A par desse novo panorama sistêmico-produtivo, pode-se afirmar, segundo FLEURY (1997), que o projeto de produto não é mais do que uma das questões básicas que a engenharia deve se ocupar. A utilização da abordagem de sistemas abertos identifica os fatores-críticos de sucesso como competências para:

  • transformar as oportunidades de mercado em especificações de produtos e processos;

  • organizar os recursos disponíveis de modo a potencializar o seu uso efetivo e criar processo de aprendizagem.

Dessa forma, entende-se que "a barreira à entrada não é o volume ou preço; é a capacidade de encontrar o ajuste perfeito entre tecnologias especiais e mercados específicos" (REICH, 1997).

Assim, as empresas estariam demandando, além do engenheiro projetista, outros dois "tipos" de engenheiros: os engenheiros sistêmicos-operações e os engenheiros sistêmicos-desenvolvimento.

Ainda segundo FLEURY (1997), as características do Engenheiro Sistêmico-Operações são as seguintes:

  • visão sistêmica, integrada, de sistemas de operação (indústria, serviços, construções);

  • capacitação para trabalhar com as técnicas de processamento de informações;

  • formação em tecnologias básicas, especialmente materiais e processos;

  • capacitação para especificar e para dialogar com empresas, projetistas e fornecedores;

  • habilidade para trabalhar em grupo;

  • liderança e criatividade.

As características do Engenheiro Sistêmico-Desenvolvimento são as seguintes;

formação em tecnologias básicas, com ênfase em disciplina específica, mas com capacidade para transitar entre áreas de produção que têm conhecimento comum;

  • visão do progresso tecnológico que ocorre fora e dentro da empresa;

  • capacitação para rápida absorção de conhecimento, por meio de pesquisas, projetos, visitas e uso de consultores;

  • capacitação para especificar produtos e processos de manufatura.

As características do Engenheiro Projetista são as seguintes:

  • formação em tecnologias básicas, com ênfase em disciplina específica e posterior aprofundamento e especialização nessa disciplina;

  • capacidade de transformar especificações de projeto em especificações de produtos e processos, garantindo a sua economicidade e manufaturabilidade;

  • conhecimento amplo e atualizado de for­necedores de materiais e equipamentos;

  • capacitação para dialogar/trabalhar em grupos com pessoas das empresas contratantes;

  • capacitação para trabalhar em grupo com engenheiros de outras especialidades.

A união dos três tipos de engenheiros demandados pelo setor produtivo resulta na problemática a ser resolvida pelo ensino de Engenharia: a formação de profissionais com visão sistêmica, características de liderança e de trabalho em grupo, com personalidade, capacidade de rela­cionamento com outras pessoas, postura crítica e socializada, além de possuir bons conhecimentos das matérias técnicas tradicionais da engenharia.

A Engenharia de Produção não saberia se ausentar de tal problemática.

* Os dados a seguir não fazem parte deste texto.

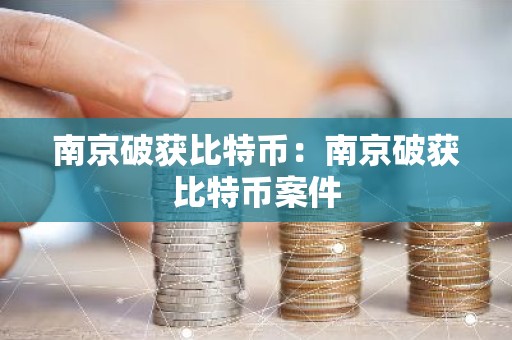 南京破获比特币：南京破获比特币案件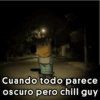 Cuando todo parece oscuro pero chill guy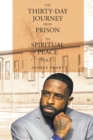Image for Thirty-Day Journey from Prison to Spiritual Peace: Part 1
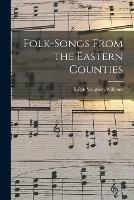 Folk-songs From the Eastern Counties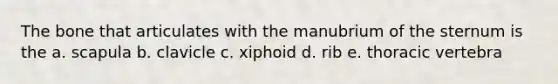 The bone that articulates with the manubrium of the sternum is the a. scapula b. clavicle c. xiphoid d. rib e. thoracic vertebra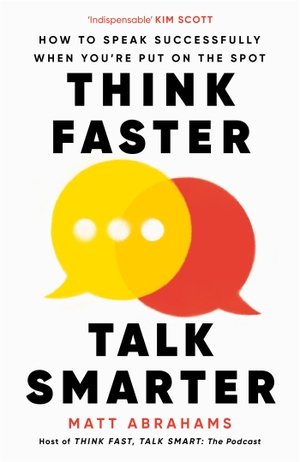 Abrahams, Matt. Think Faster, Talk Smarter - How to Speak Successfully When You're Put on the Spot. Pan Macmillan, 2023.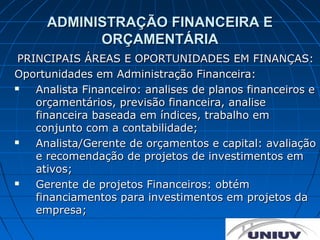 ADMINISTRAÇÃO FINANCEIRA E
            ORÇAMENTÁRIA
 PRINCIPAIS ÁREAS E OPORTUNIDADES EM FINANÇAS:
Oportunidades em Administração Financeira:
   Analista Financeiro: analises de planos financeiros e
    orçamentários, previsão financeira, analise
    financeira baseada em índices, trabalho em
    conjunto com a contabilidade;
   Analista/Gerente de orçamentos e capital: avaliação
    e recomendação de projetos de investimentos em
    ativos;
   Gerente de projetos Financeiros: obtém
    financiamentos para investimentos em projetos da
    empresa;
 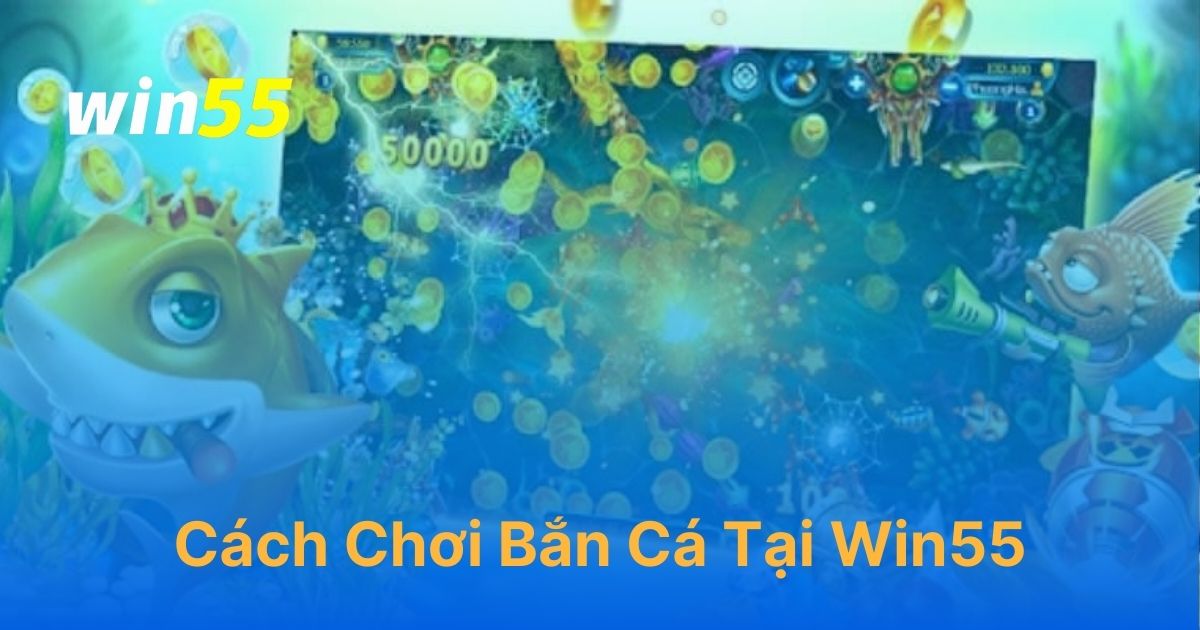 Cách chơi game bắn cá Win55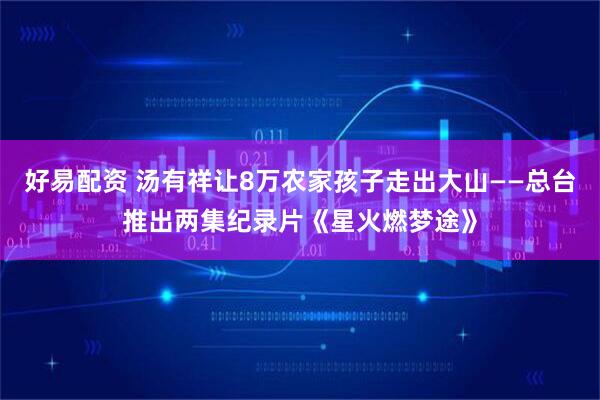 好易配资 汤有祥让8万农家孩子走出大山——总台推出两集纪录片《星火燃梦途》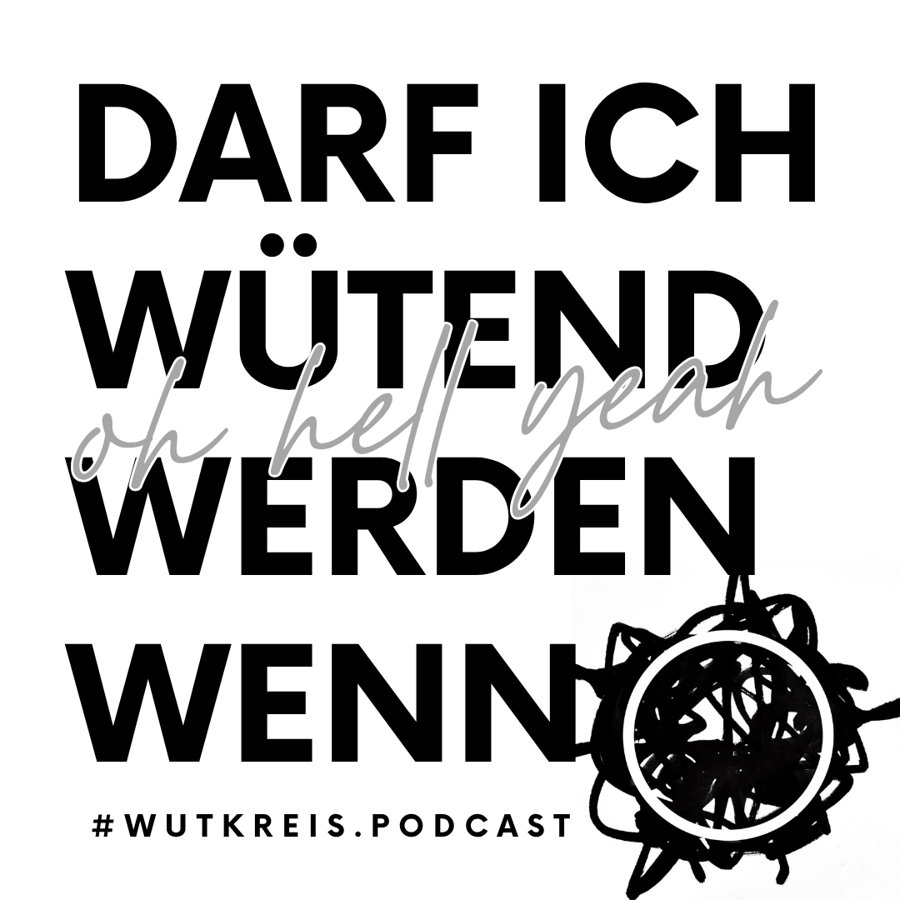 Wutkreis Podcast: Darf ich wütend werden, wenn … oh hell yeah. #wutkreis.podcast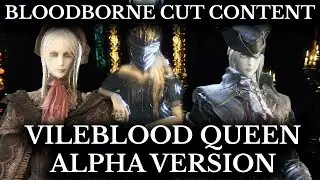 Bloodborne Cut Content - Vileblood Queen Alpha - Unused Character Dialogue
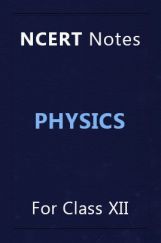NCERT Notes Physics For Class XII NCERT Notes Physics For Class XII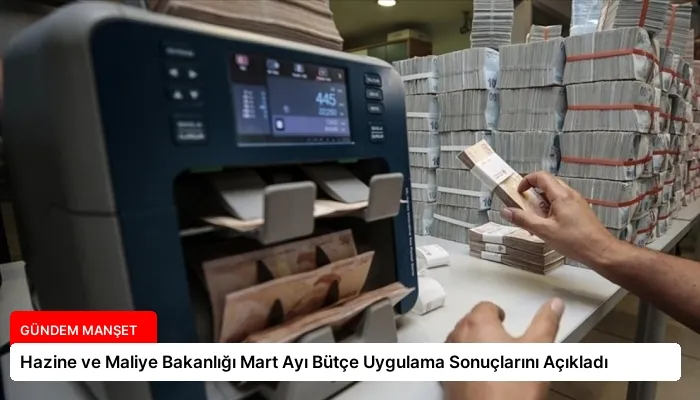Hazine ve Maliye Bakanlığı Mart Ayı Bütçe Uygulama Sonuçlarını Açıkladı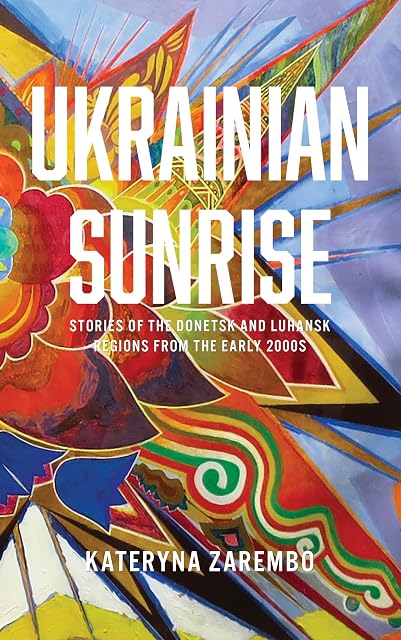Portada de Ukrainian Sunrise: Stories of the Donetsk and Luhansk Regions from the Early 2000s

Desta forma, é necessário adotar uma postura de formação profissional que dote o engenheiro de produção das características apontadas anteriormente.

No caso específico dos agronegócios, pode-se dizer que existem atualmente vários cursos que procuram formar profissionais com uma visão sistêmica, que lhes permitem atuar em um segmento específico do sistema agroindustrial sem, no entanto, perder de vista o funcionamento do conjunto. Nesse sentido, os cursos atuais de ensino em "agribusiness", no Brasil, se coadunam com a tendência internacional. Cabe ressaltar que, até o momento, grande parte desses cursos se concentra no nível de pós-graduação (principalmente em cursos de especialização lato sensu).

As escolas de agronomia, face às dificuldades enfrentadas pelos agrônomos no mercado de trabalho e cientes de que o papel desempenhado pela agricultura não pode mais ser dissociado daquele representado pelos outros agentes agregadores de valor das cadeias de produção agroindustriais, estão tentando cada vez mais orientar seus currículos para essa visão sistêmica que caracteriza a tendência atual de ensino, pesquisa e trabalho em "agribusiness".

Em termos de graduação, a criação do curso de Engenharia de Produção Agroindustrial, na UFSCar, representa uma iniciativa pioneira em direção à formação de profissionais integrados ao novo perfil profissional demandado pelo mercado de trabalho de engenharia. Esse curso é apresentado e comentado na seção 5 desse artigo.

3. Método de Pesquisa

Para atender aos objetivos da pesquisa foi necessário dividi-la em duas partes:

(1) Levantamento de todos os cursos e ênfases que estão sendo oferecidos nesta área, no Brasil, e posterior análise de como estão sendo ministrados.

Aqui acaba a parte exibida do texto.